Pickle season is nearly over. The cucumber plants are slowing down, but justifiably so since they've born hundreds of cucumbers. They are nice long round pretty things. I held one in my hands the other day and marveled at just how pretty it was. Sarah had an especially gigantic one in her lap the other day, a little cloth wrapped around it. I asked, "what are you doing?" She replied, "Mama of course I'm holding my baby's baby." Duh. I suppose her actual baby doll off to the side had given birth to this here plump cucumber, one side cream-colored toward the sun.
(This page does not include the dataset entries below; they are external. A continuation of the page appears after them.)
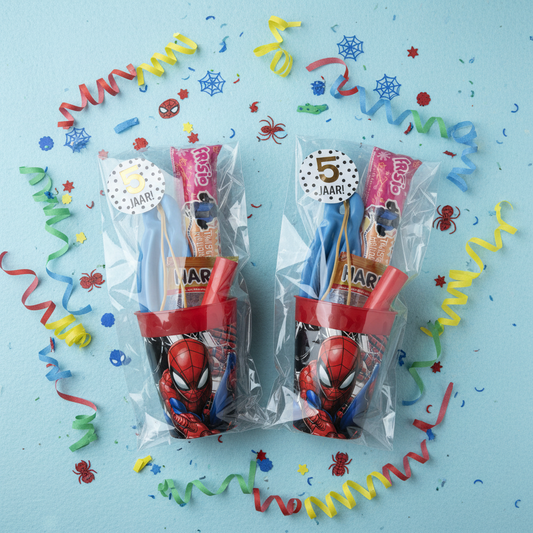 Spiderman traktatie herbruikbare beker (met sticker naar keuze)
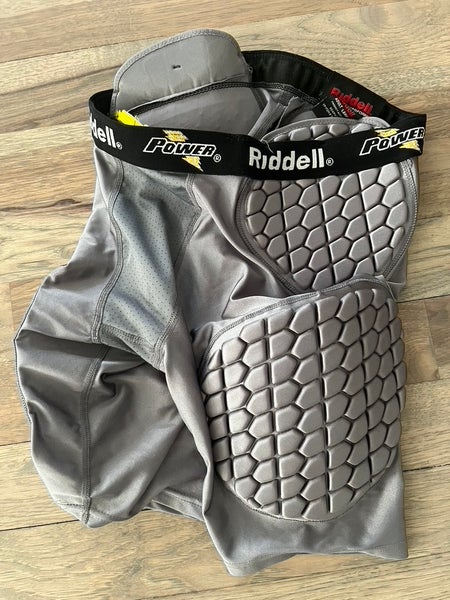 Riddell Men’s Power 5-Piece Padded Integrated Football Girdle Shorts Gray L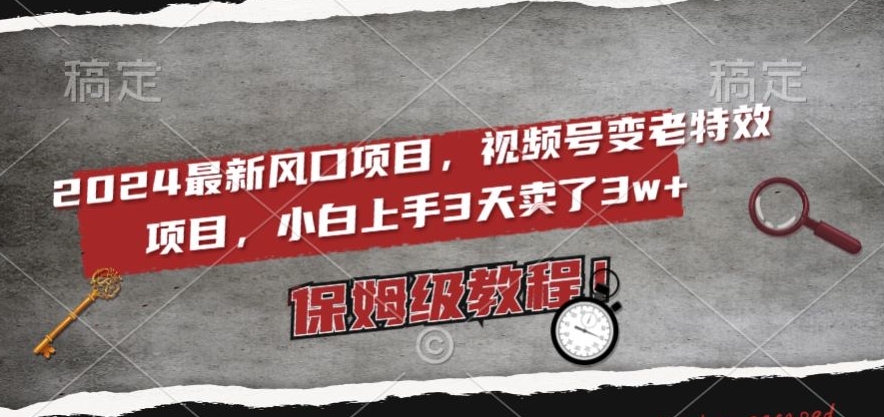 2024最新风口项目，视频号变老特效项目，电脑小白上手3天卖了3w+，保姆级教程【揭秘】-副业宇宙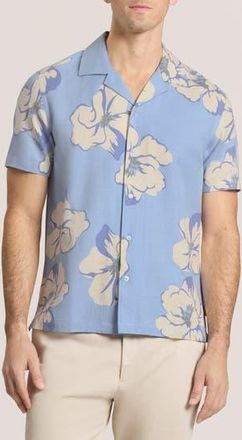 Ted Baker Floral Short Sleeve Button-Up Shirt in Blue at Nordstrom Rack, Size 6(Xxl)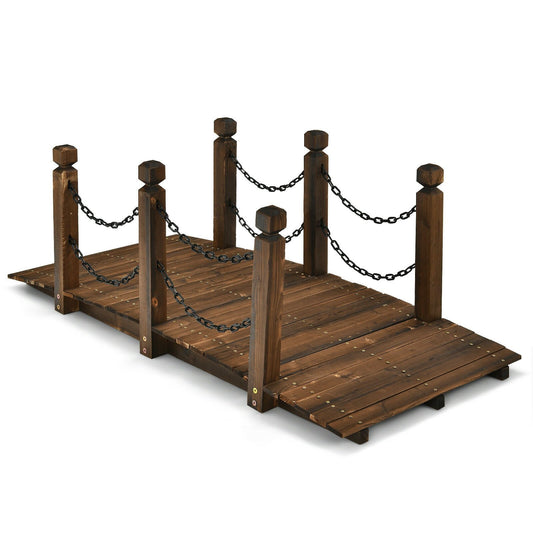 5 Foot Wooden Garden Bridge with Arc Design, Stained Finish & Safety Rails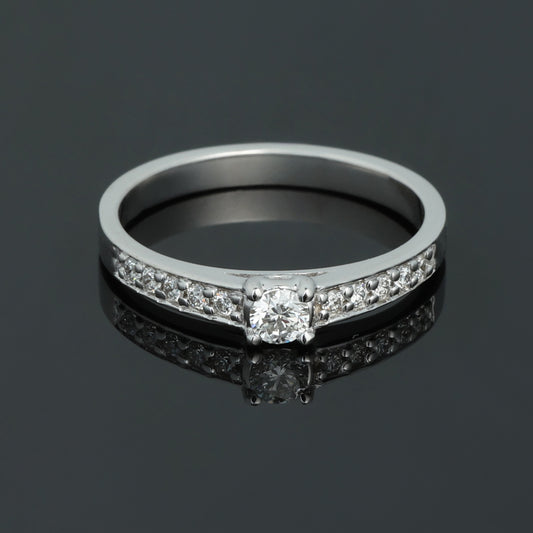 Gredzens ar Dimantiem 0.30 ct, Baltais zelts 585° (14K)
My job is wonderful. I am working too many hours, which I think is the reason for my hum-drum, but damn what a satisfying job I have. Too bad I cannot write about it here. The range of emotions I feel in a 12-hour shift would jolt most of you for days. It did me at first too. But now I thrive on it if it doesn't kill my spirit. It's a delicate balance, you see.
My child is growing up too fast. When she was a baby I dreamed of the day when she'd be big enough to do things own her own, and now that she mostly is - the whole thing scares the shit out of me. I threaten to go off to college with her. Hal gives me weird glances. He knows I actually could do that if I wanted to. I could get some job at her college and watch over her there but I won't. And besides, that's 13 years away. But the first 5 flew by. Especially those dark and dreamy nights when I just held her in my arms and rocked her to sleep; the smell of her soy milk breath wafting under my nose. Her baby sighs. Gosh.
And marriage. Isn't that a hard one to figure? The yo-yo up and downs of life that you try to pull through together. Sometimes our bond feels like cement, other times it's more like silly putty. Perhaps that is the way it was meant to be. No one can be head-over-heels in love 24/7 forever. I am, but I'm not. He is, but he isn't. We are, but we cannot be, not all the time. Sometimes when he sleeps I run my fingers through his hair and kiss his forehead but he doesn't know it. Sometimes I stare at him and envy the fact that he can sleep so easily, but I cannot.
In a few hours I think I'll take off somewhere. Blow off some steam. Lick my wounds, chase my tail, and just drive like a bat out of hell. Perhaps to the ocean. Maybe I'll even jump in.